:: PROMPT ::
Return all the entries exactly, keeping pictures out.

:: EXERCISE INPUT ::
-- -- --

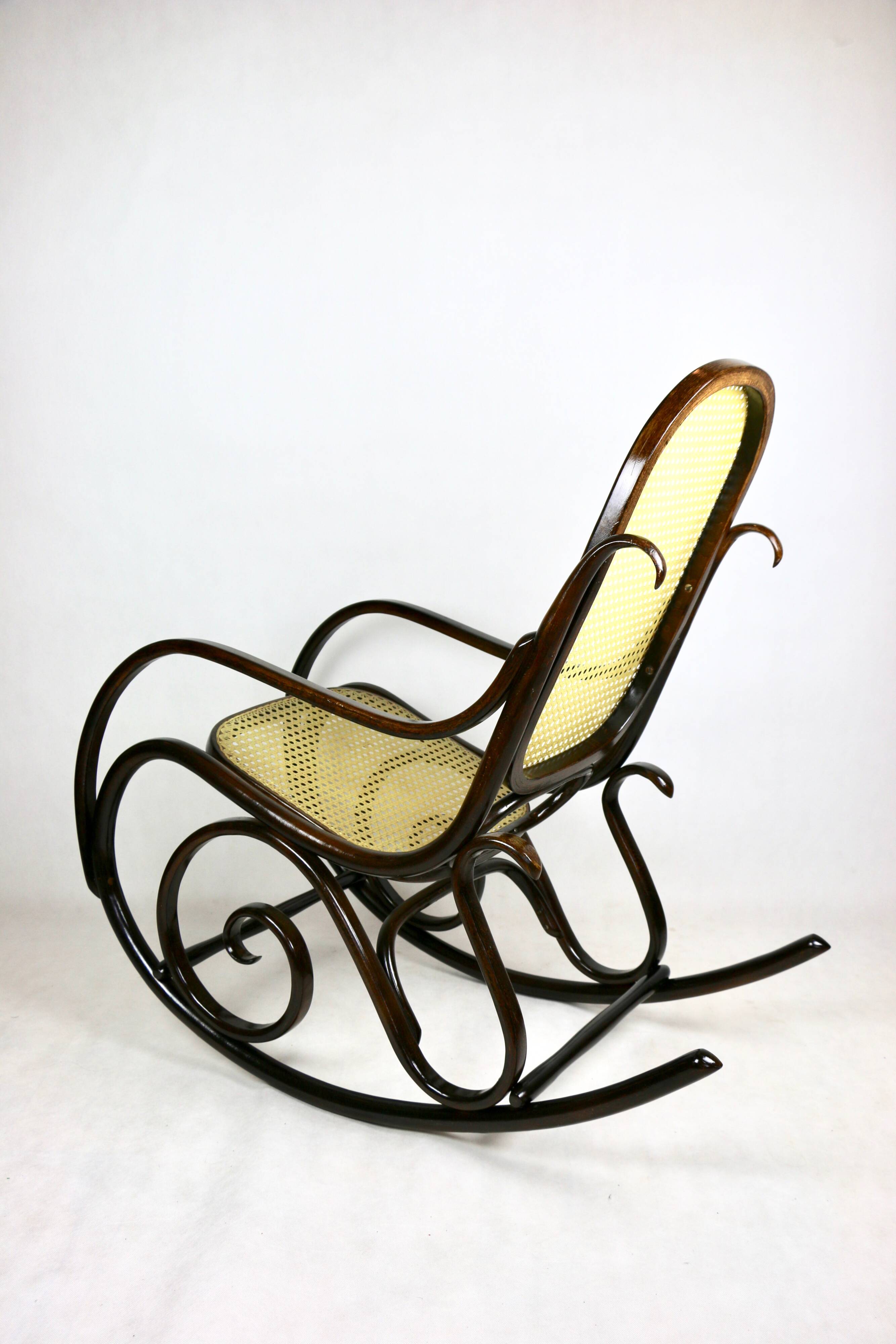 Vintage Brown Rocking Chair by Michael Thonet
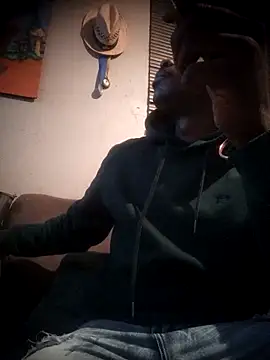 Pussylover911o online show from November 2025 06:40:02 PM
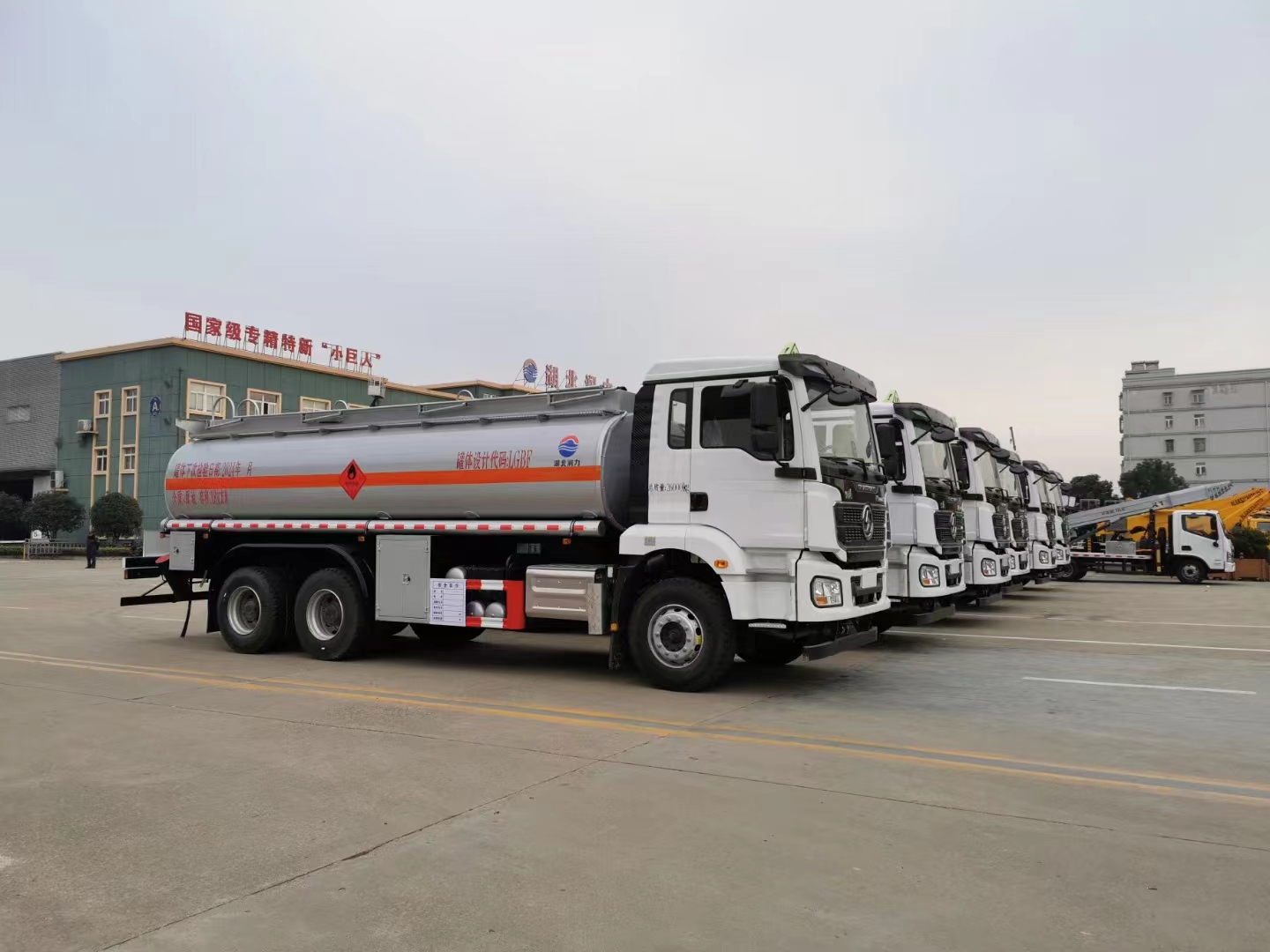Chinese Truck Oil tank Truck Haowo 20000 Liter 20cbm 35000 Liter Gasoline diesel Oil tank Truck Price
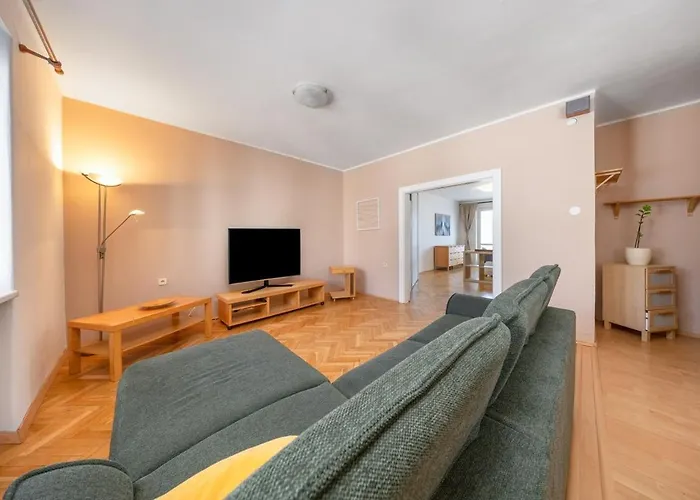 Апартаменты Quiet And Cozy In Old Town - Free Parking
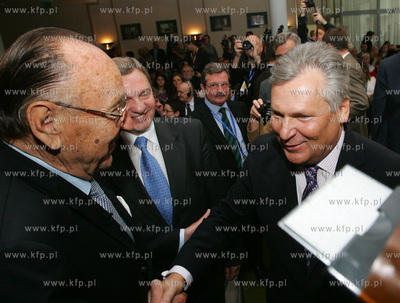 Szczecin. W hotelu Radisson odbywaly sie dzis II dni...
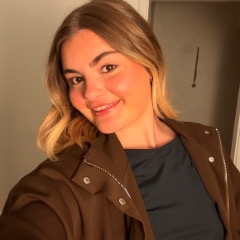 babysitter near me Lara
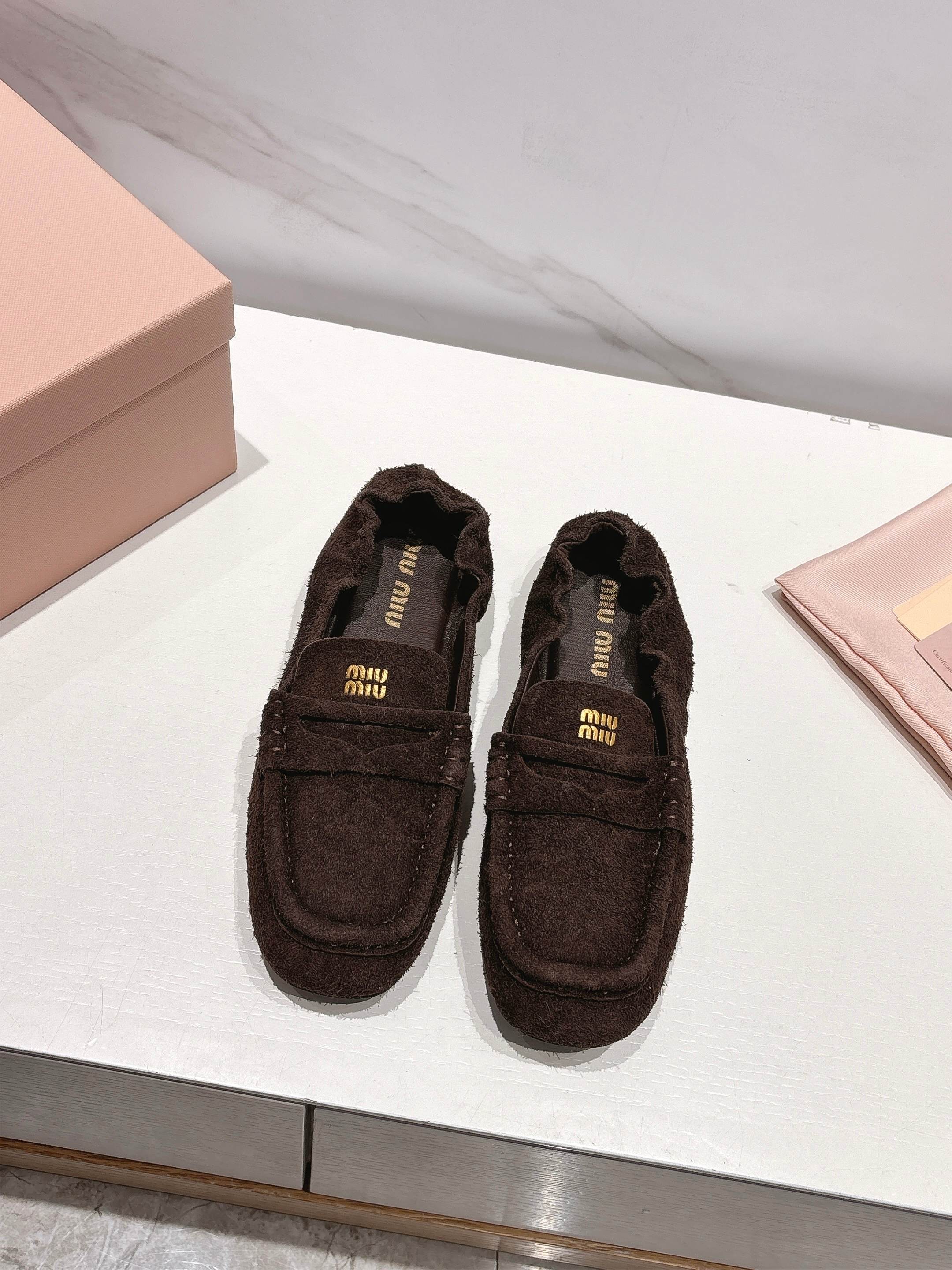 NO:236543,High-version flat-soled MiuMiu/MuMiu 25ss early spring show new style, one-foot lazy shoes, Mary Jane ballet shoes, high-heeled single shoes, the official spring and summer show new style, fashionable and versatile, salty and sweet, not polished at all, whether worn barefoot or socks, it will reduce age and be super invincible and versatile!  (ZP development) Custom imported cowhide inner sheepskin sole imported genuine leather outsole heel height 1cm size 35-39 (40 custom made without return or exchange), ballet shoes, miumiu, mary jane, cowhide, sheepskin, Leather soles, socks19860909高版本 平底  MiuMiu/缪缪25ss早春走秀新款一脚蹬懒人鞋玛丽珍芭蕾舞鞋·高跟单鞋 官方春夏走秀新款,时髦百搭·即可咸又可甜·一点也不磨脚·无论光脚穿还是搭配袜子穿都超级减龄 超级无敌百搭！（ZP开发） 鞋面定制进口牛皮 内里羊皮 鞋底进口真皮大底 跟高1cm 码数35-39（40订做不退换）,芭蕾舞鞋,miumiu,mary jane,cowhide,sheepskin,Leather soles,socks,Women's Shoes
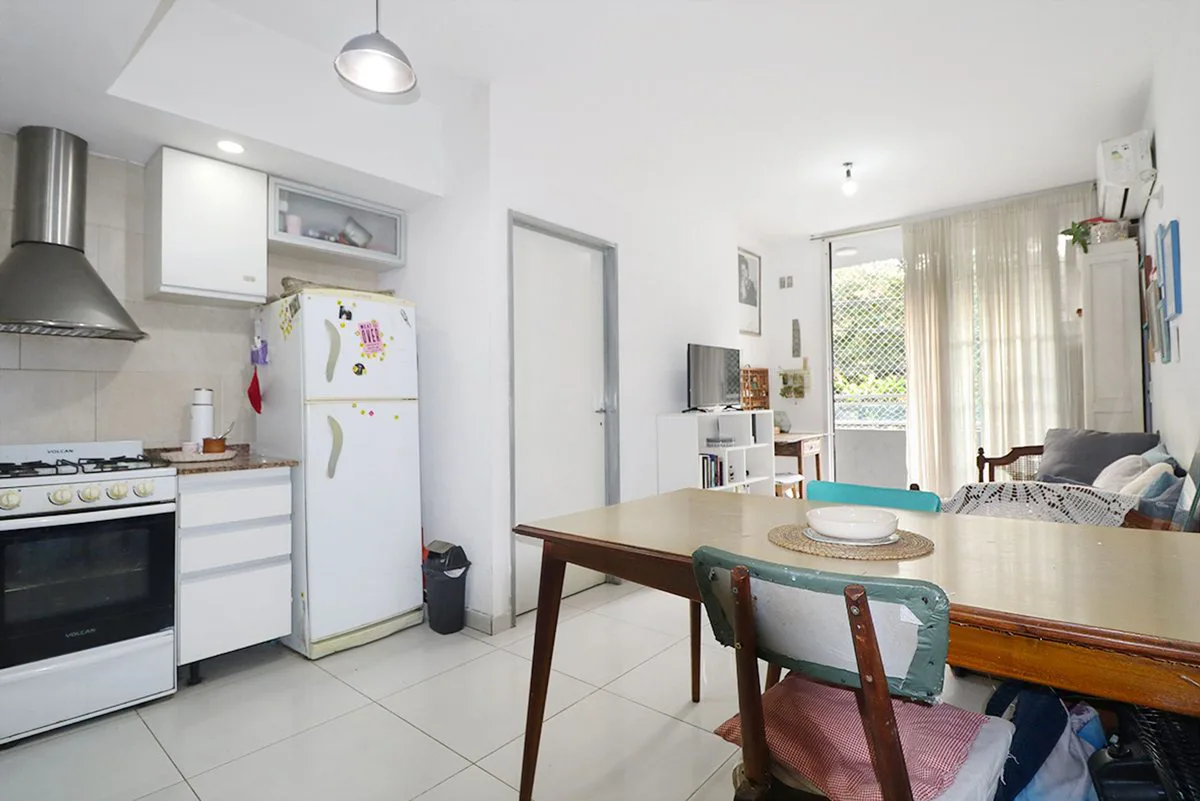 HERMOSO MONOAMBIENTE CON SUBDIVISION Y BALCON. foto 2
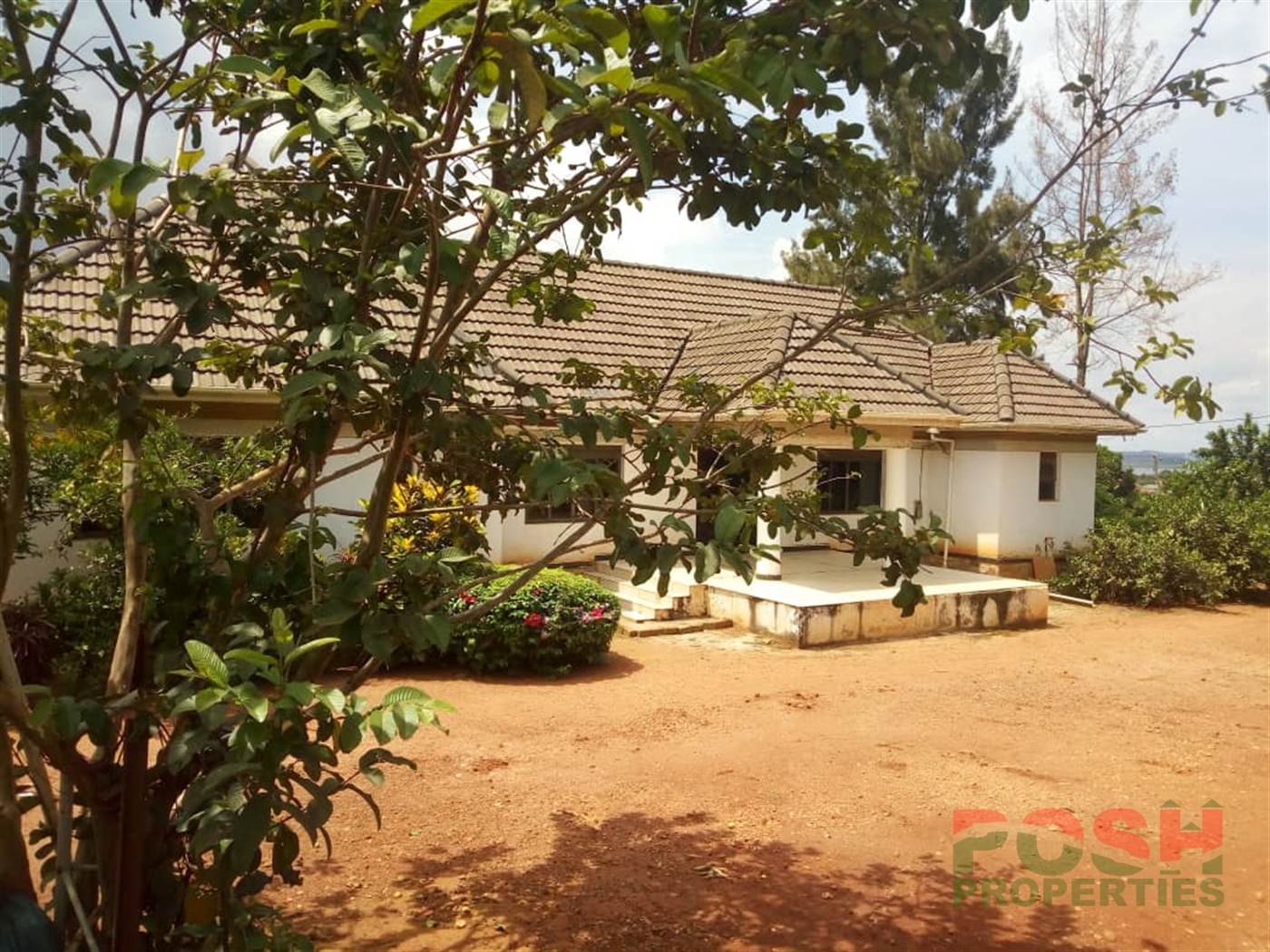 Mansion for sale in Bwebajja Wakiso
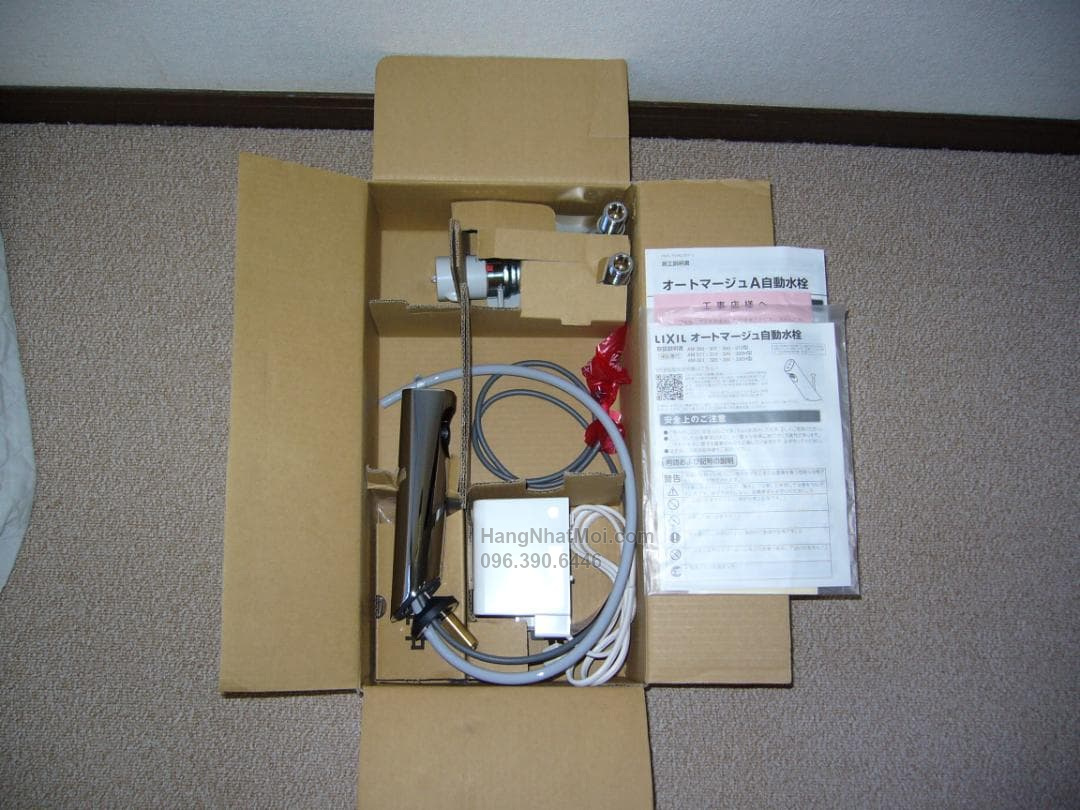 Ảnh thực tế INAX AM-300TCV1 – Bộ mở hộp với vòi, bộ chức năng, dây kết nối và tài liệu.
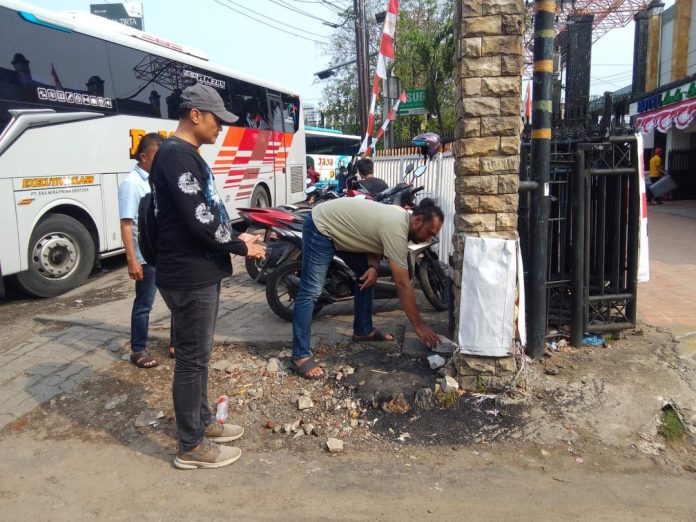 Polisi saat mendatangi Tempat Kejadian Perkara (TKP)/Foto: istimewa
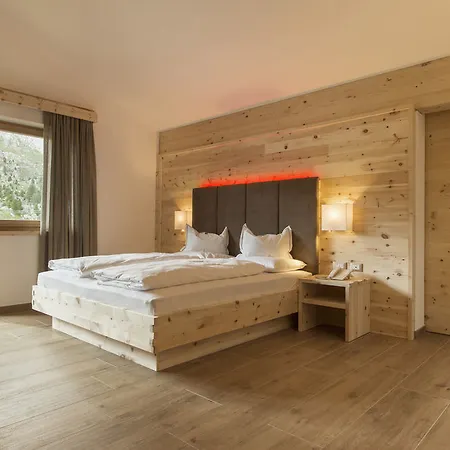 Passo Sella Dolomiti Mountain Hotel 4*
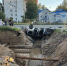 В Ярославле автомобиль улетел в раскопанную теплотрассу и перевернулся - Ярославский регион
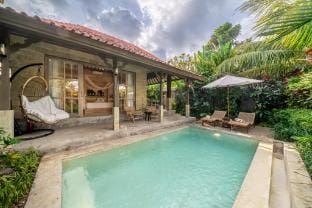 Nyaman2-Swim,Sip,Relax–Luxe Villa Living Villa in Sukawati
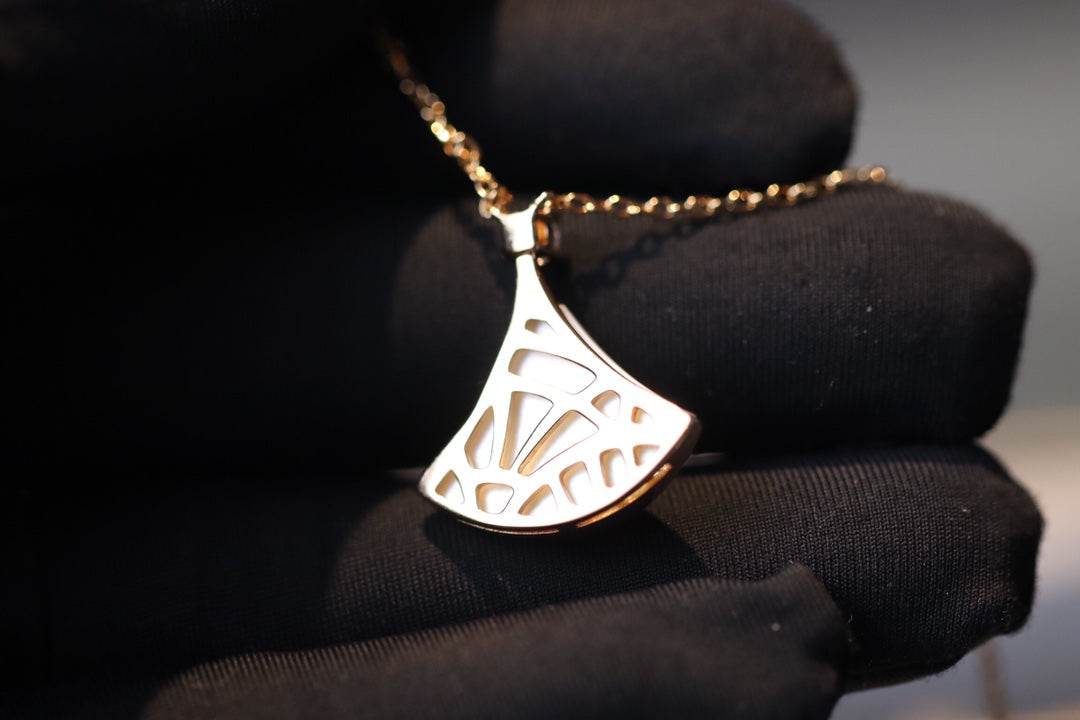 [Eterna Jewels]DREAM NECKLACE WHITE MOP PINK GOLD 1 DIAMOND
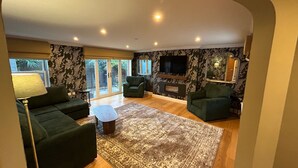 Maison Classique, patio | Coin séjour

-- -- --

:: ANSWER BELOW ::
 Vintage Brown Rocking Chair by Michael Thonet
 Pussylover911o online show from November 2025 06:40:02 PM
Chinese Truck Oil tank Truck Haowo 20000 Liter 20cbm 35000 Liter Gasoline diesel Oil tank Truck Price
 Апартаменты Quiet And Cozy In Old Town - Free Parking
 Szczecin. W hotelu Radisson odbywaly sie dzis II dni...
 babysitter near me Lara
 NO:236543,High-version flat-soled MiuMiu/MuMiu 25ss early spring show new style, one-foot lazy shoes, Mary Jane ballet shoes, high-heeled single shoes, the official spring and summer show new style, fashionable and versatile, salty and sweet, not polished at all, whether worn barefoot or socks, it will reduce age and be super invincible and versatile!  (ZP development) Custom imported cowhide inner sheepskin sole imported genuine leather outsole heel height 1cm size 35-39 (40 custom made without return or exchange), ballet shoes, miumiu, mary jane, cowhide, sheepskin, Leather soles, socks19860909高版本 平底  MiuMiu/缪缪25ss早春走秀新款一脚蹬懒人鞋玛丽珍芭蕾舞鞋·高跟单鞋 官方春夏走秀新款,时髦百搭·即可咸又可甜·一点也不磨脚·无论光脚穿还是搭配袜子穿都超级减龄 超级无敌百搭！（ZP开发） 鞋面定制进口牛皮 内里羊皮 鞋底进口真皮大底 跟高1cm 码数35-39（40订做不退换）,芭蕾舞鞋,miumiu,mary jane,cowhide,sheepskin,Leather soles,socks,Women's Shoes
 HERMOSO MONOAMBIENTE CON SUBDIVISION Y BALCON. foto 2
 Mansion for sale in Bwebajja Wakiso
 Ảnh thực tế INAX AM-300TCV1 – Bộ mở hộp với vòi, bộ chức năng, dây kết nối và tài liệu.
 Polisi saat mendatangi Tempat Kejadian Perkara (TKP)/Foto: istimewa
 Passo Sella Dolomiti Mountain Hotel 4*
 В Ярославле автомобиль улетел в раскопанную теплотрассу и перевернулся - Ярославский регион
 Nyaman2-Swim,Sip,Relax–Luxe Villa Living Villa in Sukawati
 [Eterna Jewels]DREAM NECKLACE WHITE MOP PINK GOLD 1 DIAMOND
 Maison Classique, patio | Coin séjour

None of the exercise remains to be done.